UK Shareholders Association
- Abbreviation: UKSA
- Established: 1992; 34 years ago
- Type: Advocacy group
- Legal status: Not-for-profit organisation
- Purpose: Encourage improvement of the investment environment for individual shareholders
- Location: Washington, DC, United States;
- Region served: United States
- Services: Regional meetings, a newsletter, advocate and respond to financial regulators
- Members: 500 (2023)
- Official language: English
- Chairman: Charles Henderson
- Funding: Membership fees, donations and membership services
- Website: www.uksa.org.uk

= UK Shareholders Association =

British organisation

The UK Shareholders’ Association (UKSA) is a not-for-profit organisation limited by guarantee with over 500 members. It is the UK's oldest shareholder campaigning organisation, representing and supporting individual investors in the UK stock markets.

== History ==
UKSA was formed in 1992 and is funded from membership fees, donations and membership services. Founding members of UKSA were Nick Stevens, Donald Butcher and others meeting in a home via a letter in the Investors Chronicle.

== Membership ==
Membership of UKSA is open to anyone with an interest in stock market investment and in improving the investment environment for private investors. UKSA encourages improvement of the investment environment through critical but constructive engagement with the UK Government, the Regulators and the wider financial services industry. UKSA regularly responds to consultations from Government, the Financial Reporting Council and the Financial Conduct Authority.
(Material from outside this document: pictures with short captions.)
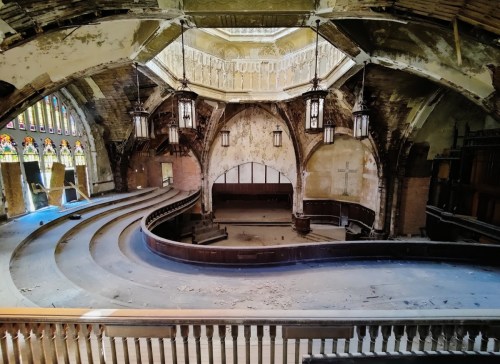 Abandoned church interior with curved seating, stained glass windows, and peeling walls, illuminated by hanging lights.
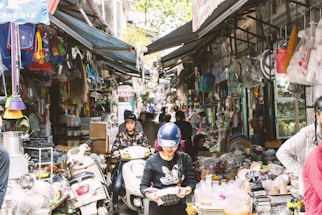 A bustling market street, densely packed with various goods on display. People wearing helmets walk and ride scooters through the narrow path between stalls overflowing with household items, plastic products, and other merchandise.
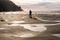 Isolated Male Photographer and Tripod Standing on Ocean Beach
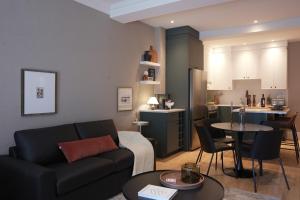 a living room with a couch and a table and a kitchen at Studio 27 in Magog-Orford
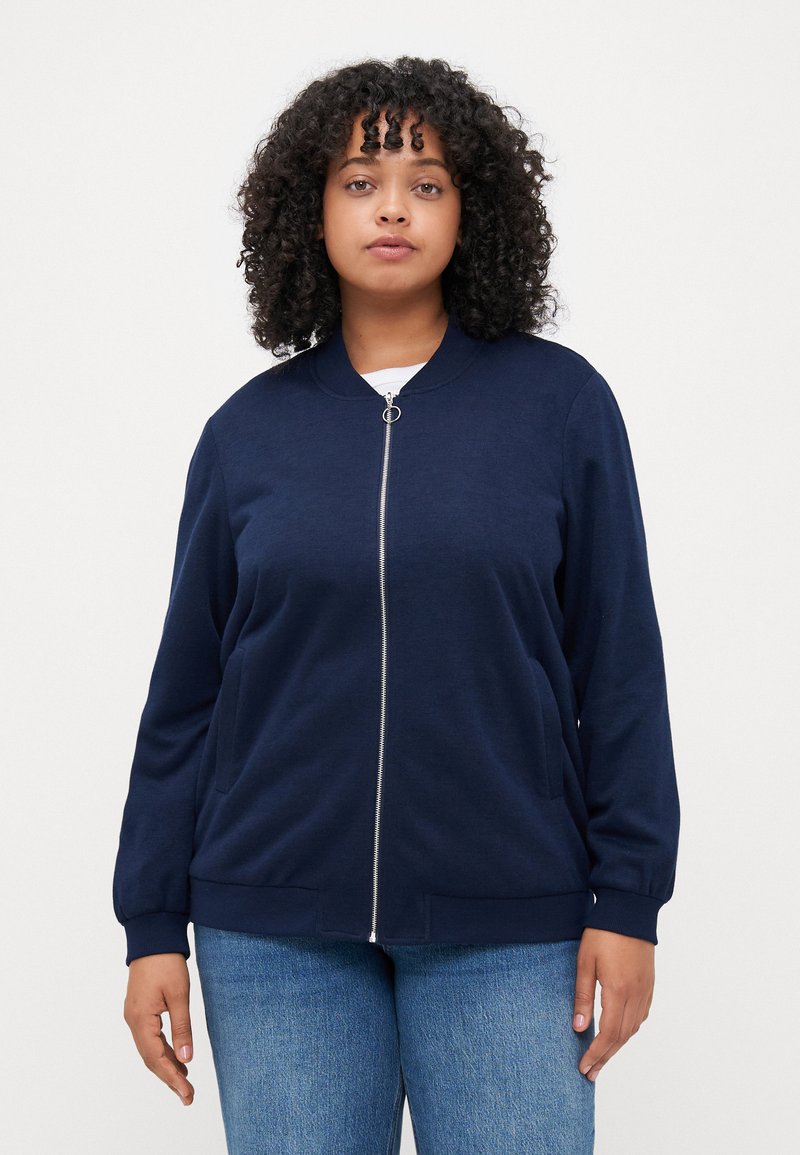 Navy zip-up bomber jacket with ribbed cuffs and hem, featuring a round neckline and two side pockets. Soft, textured fabric.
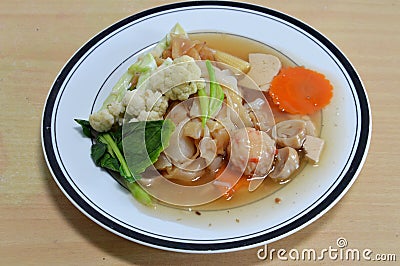 Vegetarian fried large noodle in gravy sauce Stock Photo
UKSA also participates on working parties, particularly on issues such as UK corporate governance, including the Cadbury Report, the Greenbury Report and the Myners Report. More recently, UKSA has responded to the Department of Business, Energy, Innovation and Strategy’s independent enquiry into the Financial Reporting Council, chaired by Sir John Kingman, to the Competition and Market Authority's call for evidence on the condition of the statutory audit market, and to the Brydon Review.

== Affiliations ==
UKSA participates in European discussion through its membership of the European Federation of Investors and Financial Services Users (Better Finance), and provides a discussion forum through its newsletter, The Private Investor.

== Services ==
It also runs educational events and regional networking meetings. As a result, UKSA members actively encourage better accountability between boardrooms and investors through specially arranged meetings between FTSE companies and private investors. Battles have reached the national media, including British Gas, Railtrack and the successful defence of Marks & Spencer from Philip Green. Since the financial crash in 2007, UKSA has been campaigning for fair and equitable treatment of private investors in cases where audit and regulatory oversight appears to have failed. Examples include Lloyds TSB, Northern Rock and Bradford & Bingley, and, more recently, Carillon and Patisserie Valerie.